Фиксированный курс рубля и 100-процентная продажа валютной выручки экспортеров — idee fixe российской экономической политики. Информация о подготовке соответствующих решений мелькает с завидной регулярностью каждый год. В 1995 году это, судя по всему, уже не просто слухи, но не потому, что состояние российской экономики делает эти меры оправданными. Заявления высоких официальных лиц и явно не случайная пропагандистская кампания заставляют всерьез рассмотреть перспективы изменения российского валютного режима. Однако трезвый экономический анализ условий и, самое главное, последствий этого шага приводит к выводу, что его главные цели будут носить не столько экономический, сколько политический характер.
Введение фиксированного курса — мера из стандартного антиинфляционного пакета (см. материал на той же полосе). Сопровождается она не только 100-процентной продажей валютной выручки и ужесточением валютного контроля, но, как подтверждает мировой опыт, и попытками заморозить рост цен и заработной платы. Чтобы цели — стабилизация (хотя бы временная) национальной валюты и финансовой системы — были достигнуты, требуются две предпосылки: бездефицитный бюджет и низкие инфляционные ожидания. Ни того, ни другого в России нет, и можно быть уверенным, что в ближайшее время не будет.
Однако вспомним недельной давности заявление Виктора Черномырдина о том, что и после памятного 11 октября прошлого года только усилия ЦБ предотвратили еще несколько "черных вторников", вспомним давосскую оговорку Анатолия Чубайса и развязанную в российских mass media пропагандистскую кампанию. Все это свидетельствует о том, что правительство как минимум не исключает возможность введения фиксированного курса рубля "месяца через три". В ход идут самые разные аргументы: от натужно-заказных попыток доказать, что неэффективность инвестиций в СКВ в условиях фиксированного курса переключит рублевый спрос на ГКО и тем самым укрепит доходную часть бюджета, до невинной апелляции к необходимости стабилизировать систему расчетов в стране в целом.
Трудно сказать, чего больше в действиях сторонников идеи фиксированного курса — намеренной лакировки экономики или расчета на очередной, на этот раз принципиальный поворот политического курса. Объяснимся. Что может означать фиксация (пусть предполагающая механизм девальваций) курса рубля в условиях, когда дефицит с трудом согласованного бюджета заведомо будет перевыполнен уже хотя бы потому, что инфляция опережает расчеты его разработчиков; инфляционные ожидания в связи с самыми разноречивыми слухами о ближайших перспективах денежной и валютной политики постоянно разогреваются, а золотовалютные резервы Центрального банка, по неофициальным данным, полученным Ъ, сократились за 1994 год в три раза?
Ответ достаточно очевиден, но совсем не совпадает с тем, что дают сторонники этой акции.

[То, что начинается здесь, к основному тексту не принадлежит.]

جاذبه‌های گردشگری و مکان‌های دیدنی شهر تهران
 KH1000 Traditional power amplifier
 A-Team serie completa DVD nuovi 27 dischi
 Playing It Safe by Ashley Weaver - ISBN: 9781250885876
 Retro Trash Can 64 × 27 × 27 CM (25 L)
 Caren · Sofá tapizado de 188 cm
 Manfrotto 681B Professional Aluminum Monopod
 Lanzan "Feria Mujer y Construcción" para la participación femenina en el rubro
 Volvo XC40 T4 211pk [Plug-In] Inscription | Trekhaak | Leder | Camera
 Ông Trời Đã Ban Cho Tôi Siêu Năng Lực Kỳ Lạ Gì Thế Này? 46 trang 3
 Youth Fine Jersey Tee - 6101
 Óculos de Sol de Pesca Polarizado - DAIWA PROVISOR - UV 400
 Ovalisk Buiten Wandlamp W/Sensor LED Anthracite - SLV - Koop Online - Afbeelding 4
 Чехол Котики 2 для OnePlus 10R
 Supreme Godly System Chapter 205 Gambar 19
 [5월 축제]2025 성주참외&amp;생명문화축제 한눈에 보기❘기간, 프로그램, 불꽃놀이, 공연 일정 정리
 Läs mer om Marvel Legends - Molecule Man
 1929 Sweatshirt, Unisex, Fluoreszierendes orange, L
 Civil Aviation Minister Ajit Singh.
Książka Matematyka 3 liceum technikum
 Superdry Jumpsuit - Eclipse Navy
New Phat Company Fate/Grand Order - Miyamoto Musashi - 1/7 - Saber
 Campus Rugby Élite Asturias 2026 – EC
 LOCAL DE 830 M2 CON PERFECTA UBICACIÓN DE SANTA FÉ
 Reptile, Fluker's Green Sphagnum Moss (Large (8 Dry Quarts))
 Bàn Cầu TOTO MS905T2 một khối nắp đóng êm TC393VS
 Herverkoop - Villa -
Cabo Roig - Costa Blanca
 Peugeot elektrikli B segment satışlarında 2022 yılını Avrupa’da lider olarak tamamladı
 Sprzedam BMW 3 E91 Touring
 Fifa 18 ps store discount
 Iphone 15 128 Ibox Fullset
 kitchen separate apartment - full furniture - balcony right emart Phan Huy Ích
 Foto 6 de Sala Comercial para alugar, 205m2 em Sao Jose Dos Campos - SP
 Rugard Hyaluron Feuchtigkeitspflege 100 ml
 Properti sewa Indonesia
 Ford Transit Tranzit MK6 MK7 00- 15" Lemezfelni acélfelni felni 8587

Фиксация курса ни сейчас, ни через три месяца, ни, скорее всего, в этом году вообще не сможет охладить инфляционные ожидания. Так как не в российских традициях признавать ошибочность уже принятых решений, можно ожидать, что даже если на первых порах постулат неограниченного доступа к обмену рублей на СКВ и обратно по фиксированному курсу и будет соблюден, то продержится очень недолго. А вот дальше игры в благословляемые МВФ реформы кончатся, и наступит весьма и весьма суровая действительность. Фиксированный курс быстро обзаведется семейством специальных курсов: для особо отличившихся экспортеров, для импорта "социально значимых" товаров, инвестиционный, да мало ли еще какой! Сам по себе возврат к множественности валютных курсов во многом перечеркнет путь либерализации экономической политики, пройденный Россией с июля 1992 года.
Дело, однако, не только в возврате к множественности курсов, бегстве валюты из страны или почернении валютного рынка. Главное в том, что проведение в нынешних условиях политики фиксированного курса — прекрасное прикрытие для решительного возвращения государства к жесткому регулированию, включая ограничения на рост заработной платы и цен. По существу политика фиксированного курса может иметь цели, далеко выходящие за рамки собственно валютно-финансовых: расчищается плацдарм для экономического и политического правления, приближающегося к той модели, которая существовала в Чили в эпоху Аугусто Пиночета.
Эти "воспоминания о будущем", к сожалению, имеют под собой основания, особенно если вспомнить, что будущий год, как ожидается, — это год президентских выборов. А значительная часть влиятельных сегодня политиков, трезво оценивая свои шансы, готова играть на опережение и еще до выборов создать в России принципиально новые экономические и политические условия. Которые, вполне вероятно, могут на определенном этапе поставить вопрос и о переносе выборов на неопределенный срок.